The road maps become available as the Intergovernmental Panel on Climate Change (IPCC) last month published its landmark report on the state of the earth’s climate, which affirms that humans have caused unprecedented and irreversible change to the climate.
Carbon dioxide removal is increasingly acknowledged as an imperative for slowing climate change, in lockstep with emissions reductions. To date, however, most of the development around CDR approaches and technologies has been focused on terrestrial solutions, such as afforestation, or technological solutions, such as direct air capture.
“Removing legacy carbon pollution from our air and water is essential to a healthy ocean, and to interrupting dangerous warming and acidification.
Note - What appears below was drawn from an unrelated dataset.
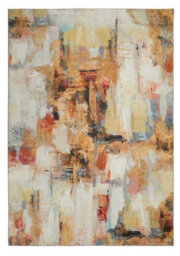 Beige Multicolour Abstract Polyester Soft Bedroom, Livingroom Rug - 120Cm X 180Cm - thumbnail 2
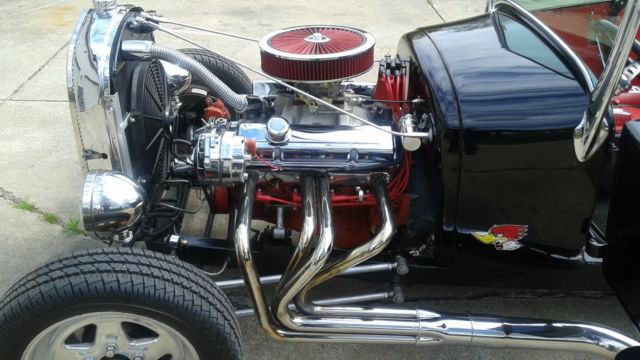 Black 1927 Ford Model A with Red interior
The ocean represents an enormous opportunity to sequester carbon, but ocean-based carbon dioxide removal approaches are poorly understood and underinvested,” says Emanuele Di Lorenzo, Professor and Founding Director of the Program in Ocean Science and Engineering at the Georgia Institute of Technology. “These road maps are a great tool to help overcome those obstacles.”
During 2020, Ocean Visions convened experts from multiple disciplines, sectors, and geographies to build the road maps. Numerous workshops helped to identify technology readiness, scaling potential, uncertainties, obstacles, opportunities, and first-order priorities. The effort focused on three ocean-based CDR domains:
- Macroalgal cultivation and carbon sequestration: Marine macroalgae (e.g. Sargassum and kelp) have a tremendous potential for carbon sequestration capacity. Long-term storage could be achieved by transforming the biomass into long-lived products (fiber, biochar, plastics, etc.), using it as a source of renewable fuel, and/or sinking the biomass residues into the deep ocean.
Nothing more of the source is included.